The report, which will be released by the Bureau of Labor Statistics at 8:30 a.m.ET Friday, will inform policymakers as they continue to respond to the crisis, and document how workers’ home orders have hurt Americans. .

Economists polled by Refinitiv expect the US economy to cut 21.85 million jobs in April, by far the largest number on record. Monthly U.S. government employment data dates back to 1939.

Combined with the job losses in March, the layoffs in April would wipe out all the jobs gained in the past decade. Between March 2010 and February 2020, the US economy created 22.8 million jobs, according to the BLS.

Meanwhile, economists interviewed by Refinitiv expect the unemployment rate to climb to 16%, the highest rate since the BLS started tracking monthly unemployment figures in 1948. This is an unemployment level unprecedented since the Great Depression in the 1930s, for which the BLS estimates annual data.

Government economists estimate that the unemployment rate peaked at 24.9% in 1933.

The unemployment rate climbed to 4.4% in March, which was already a sharp increase from the nearly 50-year low of 3.5% in February, but far from the peak expected for this year.

White House economist Kevin Hassett predicts unemployment could reach 20% in April, he said on Tuesday.

“We are probably looking at the worst unemployment rate since the Great Depression,” Hassett told CNN’s Poppy Harlow.

We will not have a complete picture of the severity of the pandemic for the job market until next month, said Marvin Loh, senior global macro strategist at State Street. Employment growth will likely resume by Memorial Day as businesses in many parts of the United States begin to reopen, Moody’s Analytics chief economist Mark Zandi noted in a research report this week.

Some states are already beginning to relax the restrictions, while others will take longer to open and re-hire.

Economists are also concerned about whether consumers will spend as they did after the big reopening. Consumer spending typically accounts for about two-thirds of the US gross domestic product, the largest measure in the US economy. A more careful consumer who spends more time at home could leave the restaurant and entertainment industries – and their workforce – to recover more slowly, said David Kelly, global chief strategist at JPMorgan Funds.

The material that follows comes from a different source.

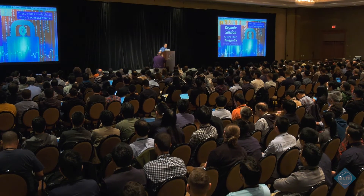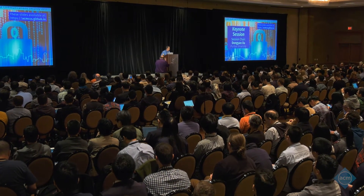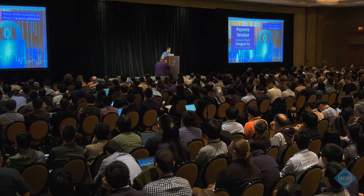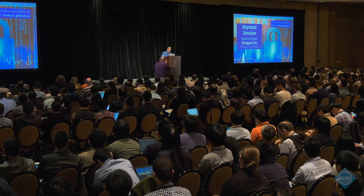Good morning and welcome again. It's my honor to introduce this year's keynote speaker, Professor David Wagner, who received the 2016 SIGSAC Outstanding Innovation Award in Vienna. He has published more than 100 peer-reviewed high-impact research papers and co-authored two books on encryption and computer security.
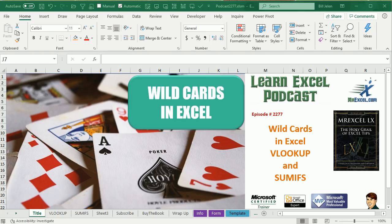Learn Excel from MrExcel Podcast, Episode 2277, Wild Cards in Excel VLOOKUP and SUMIFS.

Foreshadowing unemployment claims

The Covid-19 epidemic has ravaged America in the past two months. People started working from home as much as possible in the second half of March, as businesses closed and schools suspended teaching in person. As the lockout continued, companies fired and laid off staff.

A separate report, released Wednesday by payroll processor ADP, found that private employers cut 20.2 million jobs in April. Although the ADP report and the BLS surveys are not directly linked, economists and investors see the ADP survey as an indicator of what is to come in the BLS jobs report.

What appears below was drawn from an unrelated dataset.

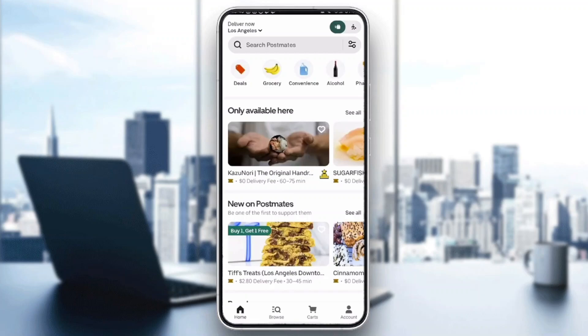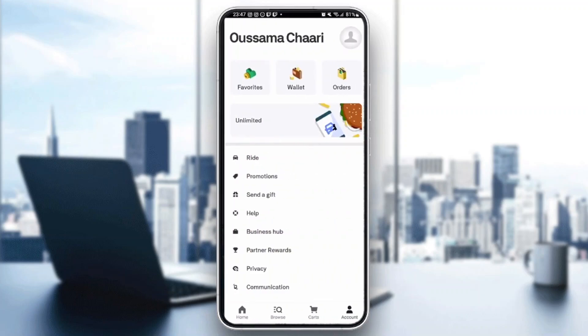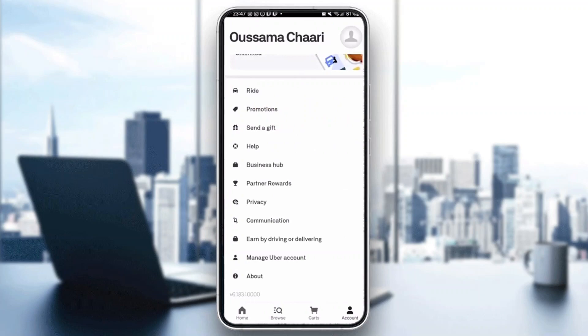Let's go ahead and see how to use the driver application and how to get started becoming a driver. The first thing we want to do is go ahead and click on the account section in the bottom right corner. After clicking on account, it's going to open up a new menu page where you can see all the settings you can access. You want to go ahead and create an account if you do not already have one, or log in if you already have one. After logging in, you'll see your name and all of the settings options. Scroll down until you find the option that says earn by driving or delivering.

In recent weeks, economists have followed with concern the weekly jobless claims, which include people who are claiming unemployment benefits for the first time. Since mid-March, that number has risen to 30.3 million, or about 18.6% of the March labor force.

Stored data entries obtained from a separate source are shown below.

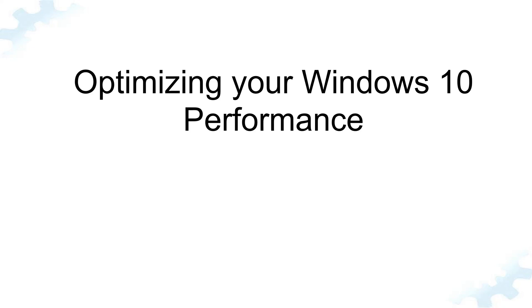Welcome to TechGuy channel. In this video, I will show you how to speed up your Windows 10 performance.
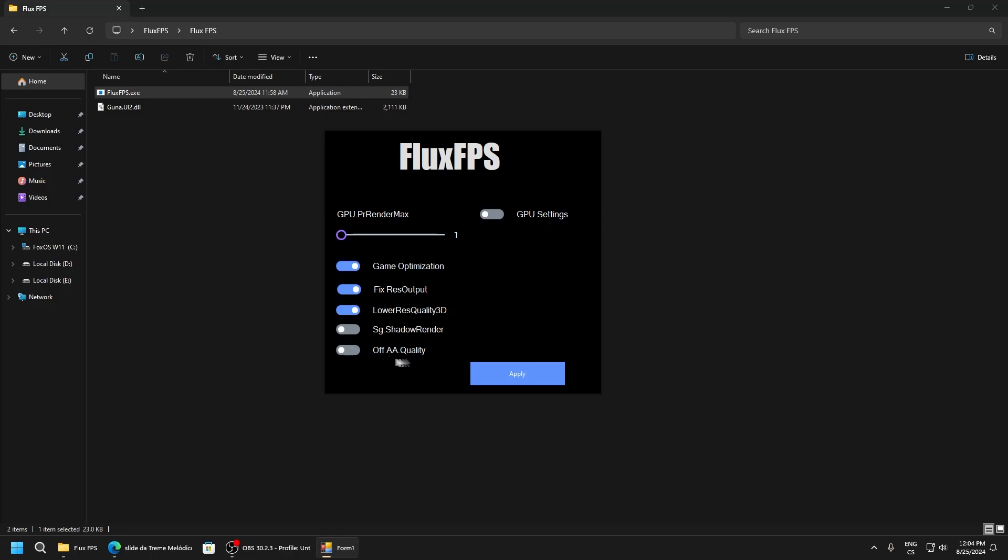Off AA quality - there are two settings, low and off, so just turn it off. There's no point to have it enabled. GPU settings - enable. No TXR detail - definitely use it because this is a GPU tweak which helps you maximize your GPU full time, so use it.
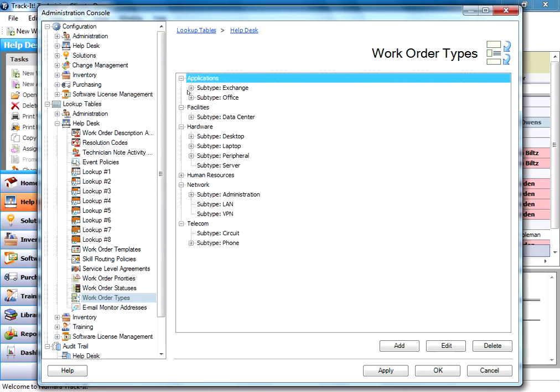These can be configured really however you need them for your help desk. For example, if you only do software support and nothing else, your top level types might be all software applications that you deal with.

Another three million initial requests are expected for the week ending May 2. The report is due Thursday at 8:30 am ET.

Unemployment claims do not determine the official unemployment rate, however, which is based on a separate survey of around 70,000 households which ends around the middle of the month. But the explosion of complaints indicates that the US labor market is in a critical situation.

People are only counted as “unemployed” by the BLS when they have been unemployed but available for a new job, as well as actively looking for work, in the previous four weeks. Or, if they were on “temporary layoff” with the hope of being called back to work within six months.

But in the current crisis, millions of unemployed Americans will not look for new jobs, given business closings and home orders.

This means that many people who are laid off will not be counted in the unemployment rate for April.